● Information provided:
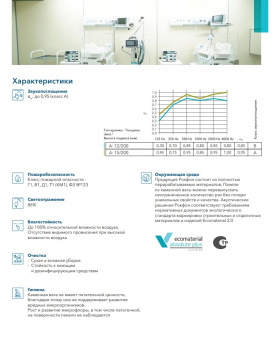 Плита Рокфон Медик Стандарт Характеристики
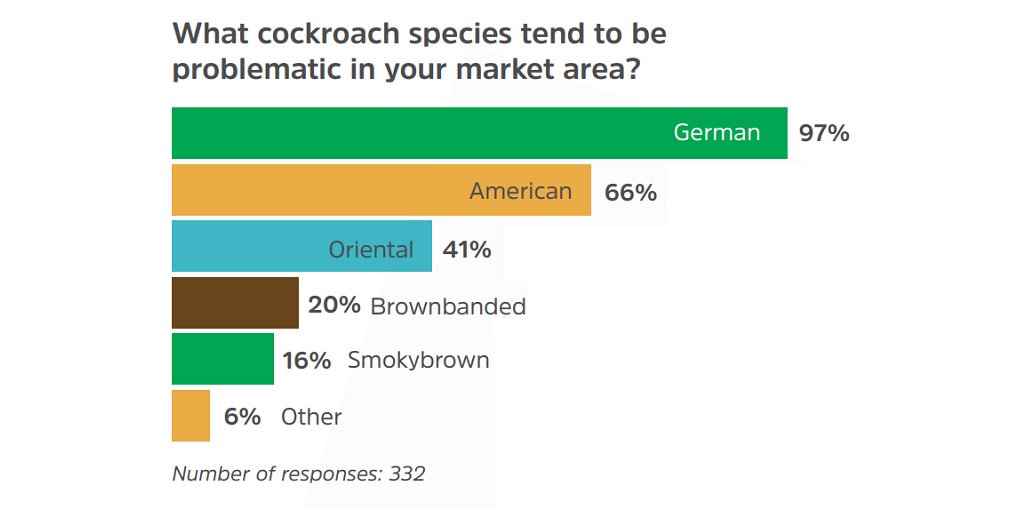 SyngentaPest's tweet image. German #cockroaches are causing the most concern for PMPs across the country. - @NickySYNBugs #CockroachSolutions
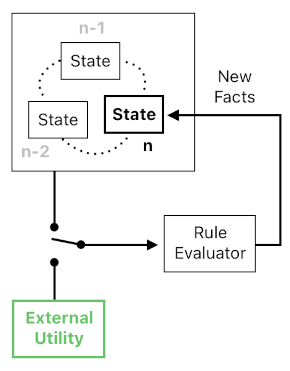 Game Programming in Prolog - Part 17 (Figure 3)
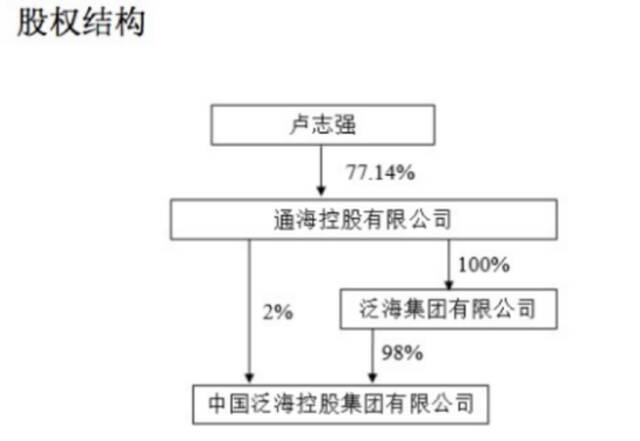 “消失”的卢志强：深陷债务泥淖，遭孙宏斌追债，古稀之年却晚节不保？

==

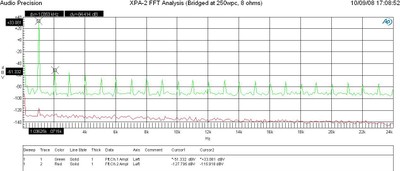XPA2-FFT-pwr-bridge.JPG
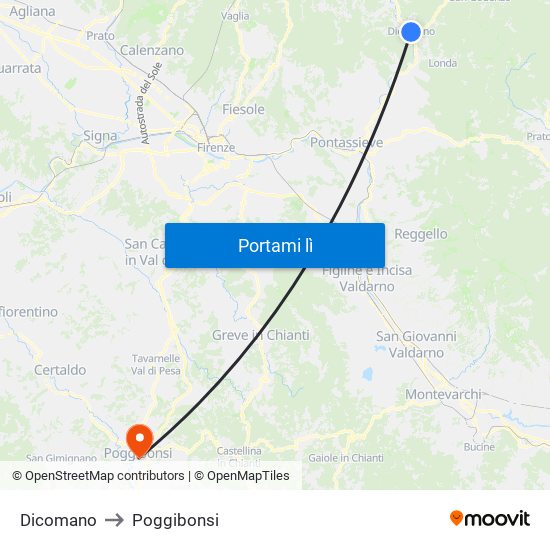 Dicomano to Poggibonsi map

--

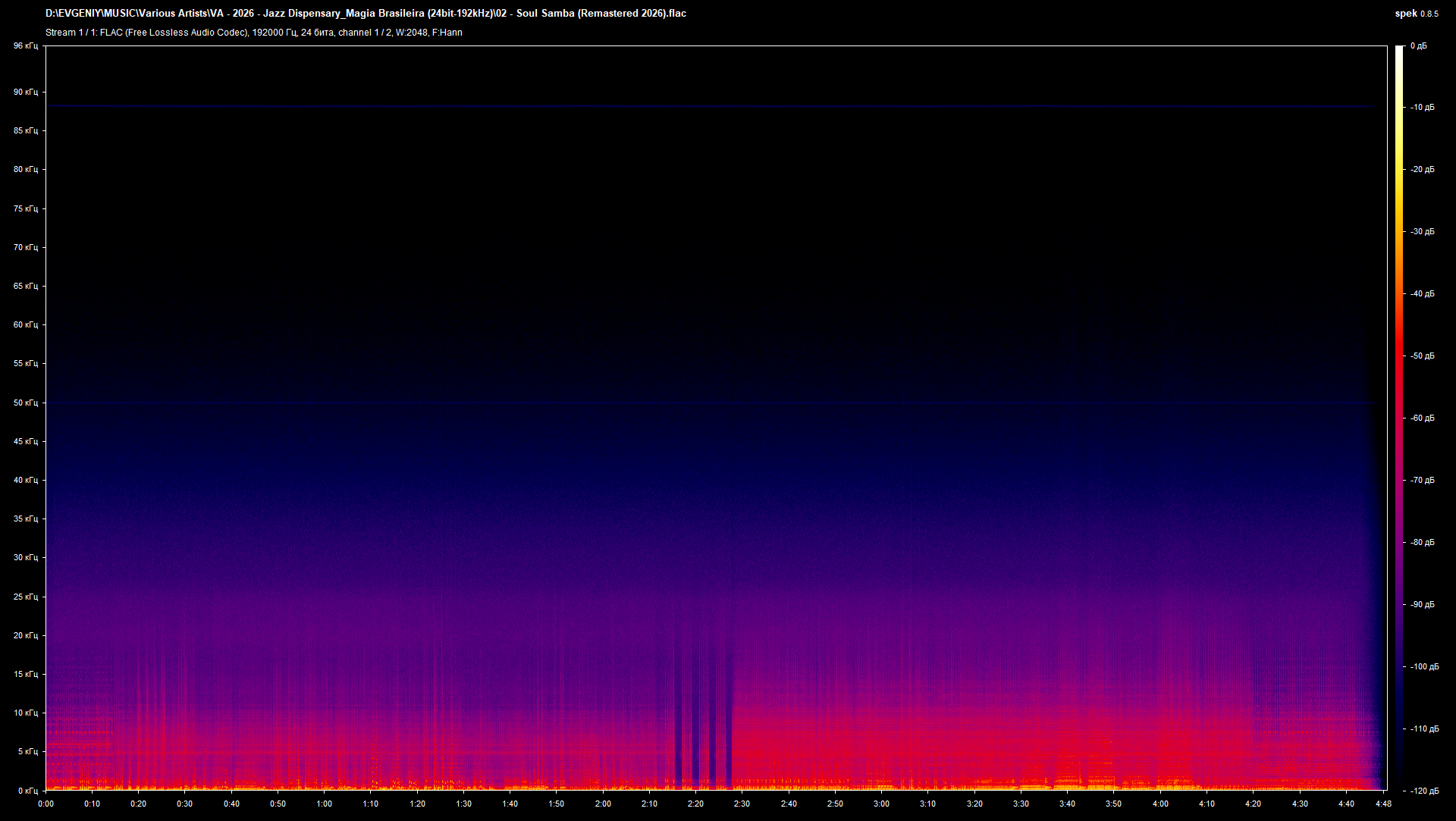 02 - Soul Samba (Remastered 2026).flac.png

● Prompt: In the material above, one part opens with the line containing "XPA2-FFT-pwr-bridge.JPG" and closes with the line containing "Dicomano to Poggibonsi map". Write out that part exactly and skip its pictures.

● Answer to this task:
XPA2-FFT-pwr-bridge.JPG
 Dicomano to Poggibonsi map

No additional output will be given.